The author notes that the companies people now hold up as AI winners started small, only further reinforcing the point that the venture model has not been rewritten. Cursor's first round was less than $10 million, ElevenLabs' was $2 million, Legora's was $11 million, Sierra's was $25 million, and Cohere's first round was $5 million. Today, every one of those companies is valued north of $5 billion and generating hundreds of millions in revenue. The author argues that this is the more representative data point, rather than the exception of Project Prometheus at $6.2 billion.

The Road Ahead

The author concludes that raising a massive first round does not inherently make a company more likely to generate venture size returns for its investors. Sometimes it's a necessary cost of doing business, but the venture math is unforgiving. High entry prices leave less room for the upside to accrue, regardless of the underlying opportunity.

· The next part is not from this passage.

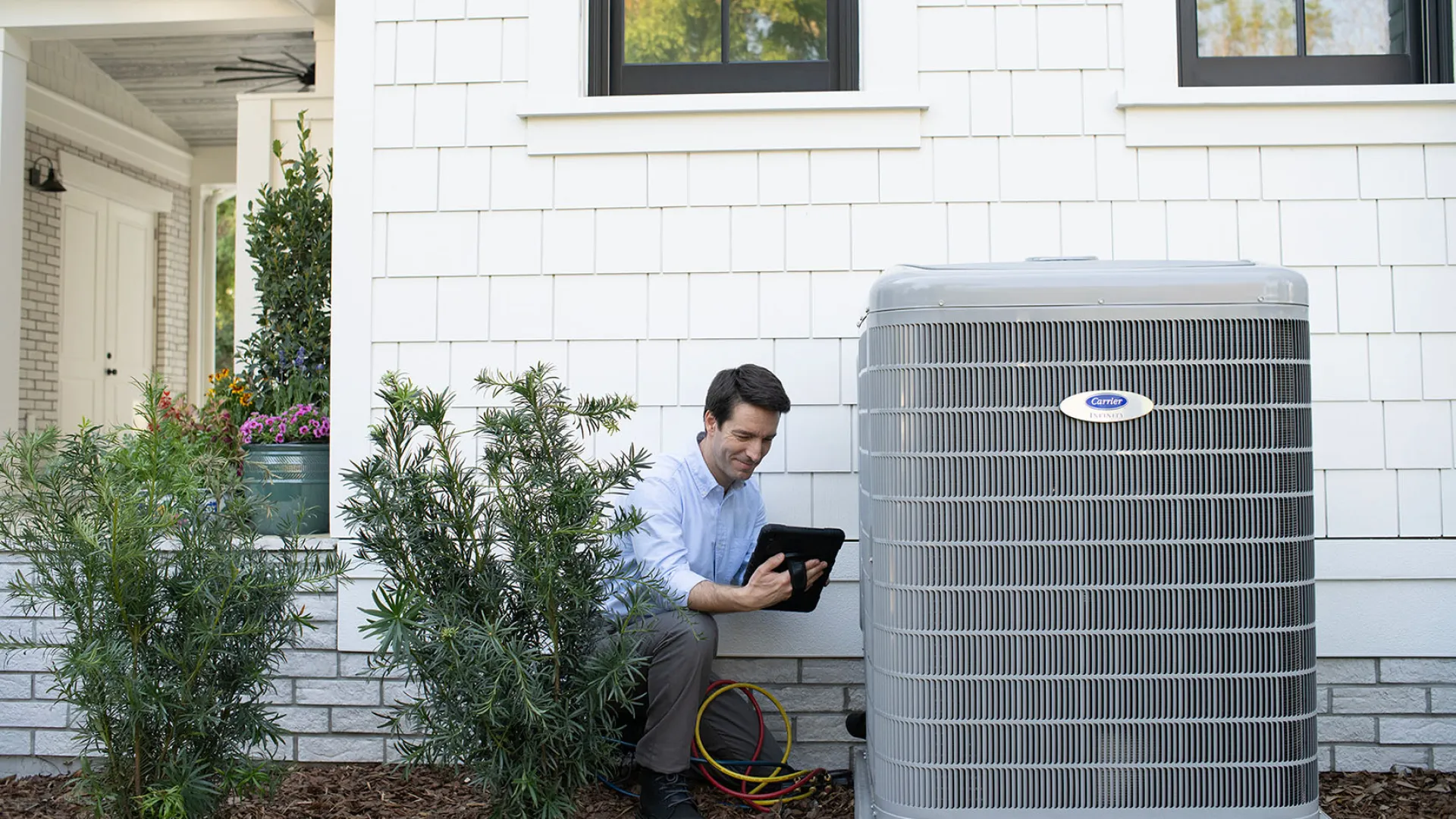 Technician checking air conditioning unit settings with a tablet outside a modern home.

The author argues that the playbook that has worked across every prior technology wave is to buy meaningful ownership in capital-efficient companies at prices that leave room for the upside. This playbook doesn't make for dramatic headlines in 2025, but it's what the historical data, from Google to Uber to Cursor, consistently vindicates.

Key points

  • Large first rounds in biotech have produced a handful of strong outcomes for first-check investors, but a very long tail of modest ones.
  • Capital intensity is not a moat, and raising a massive first round does not inherently make a company more likely to generate venture size returns for its investors.
  • The playbook that has worked across every prior technology wave is to buy meaningful ownership in capital-efficient companies at prices that leave room for the upside.
The Upside

If the trend of AI companies starting small and growing to be worth billions continues, it could lead to a new wave of successful startups. This could also lead to more opportunities for investors to get in on the ground floor of these companies and potentially see high returns.

The Downside

If the trend of high entry prices leaving less room for the upside to accrue continues, it could lead to a decrease in the number of successful startups. This could also lead to a decrease in the number of opportunities for investors to get in on the ground floor of these companies and potentially see high returns.

Originally reported at

news.crunchbase.com

Discernion covers the story. Read the full piece at the source.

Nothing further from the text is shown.